|
Call me an optimist, but I think prompt injection just isn't as fundamental a problem as it seems. Having a single, flat text input sequence with everything in-band isn't fundamental to transformer: The architecture readily admits messing around with different inputs (with, if you like, explicit input features to make it simple for the model to pick up which ones you want to be special), position encodings, attention masks, etc.. The hard part is training the model to do what you want, and it's LLM training where the assumption of a flat text sequence comes from.

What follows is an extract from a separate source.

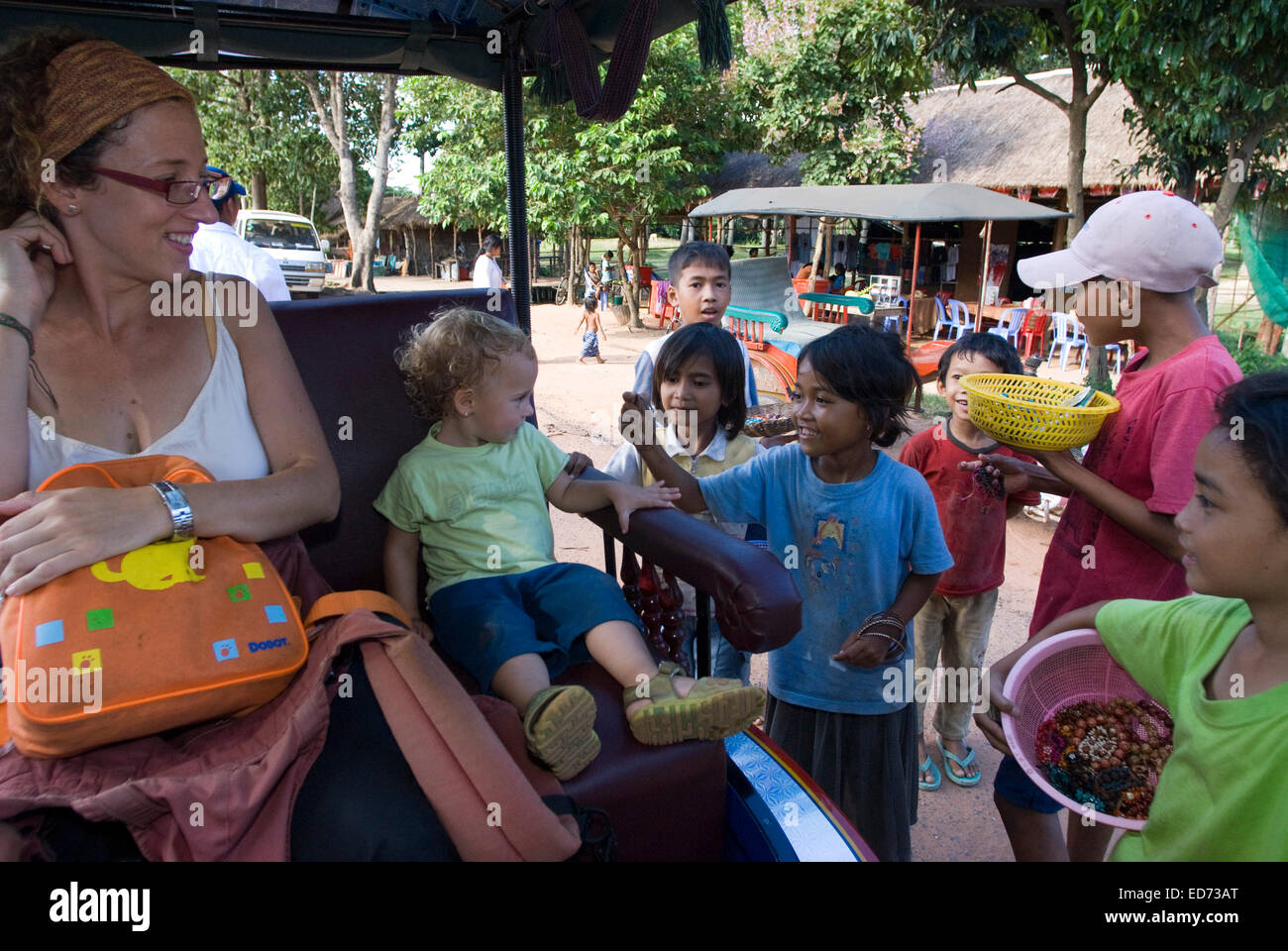 Viaggiare con bambini. Ragazzi la vendita di cartoline e souvenir a una madre a piedi con sua figlia. Preah Khan Temple. Preah Kha Foto Stock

The optimistic view is, steerability turns out not to be too difficult: You give the model a separate system prompt, marked somehow so that it's easy for the model to pick up that it's separate from the user prompt; and it turns out that the model takes well to your steerability training, i.e. following the instructions in the system prompt above the user prompt. Then users simply won't be able to confuse the model with delimiter injection: OpenAI just isn't limited to in-band signaling. The pessimistic view is, the way that the model generalizes its steerability training will have lots of holes in it, and we'll be stuck with all sorts of crazy adversarial inputs that can confuse the model into following instructions in the user prompt above the system prompt. Hopefully those attacks will at least be more exciting than just messing with delimiters. (And I guess the depressing view is, people will build systems on top of ChatGPT with no access to the system prompt in the first place, and we will in fact be stuck with the problem) |
I'm currently a pessimist about this because prompt injection has been a problem for six months now and no-one has yet come up with a convincing solution, despite the very real economic incentives to find one.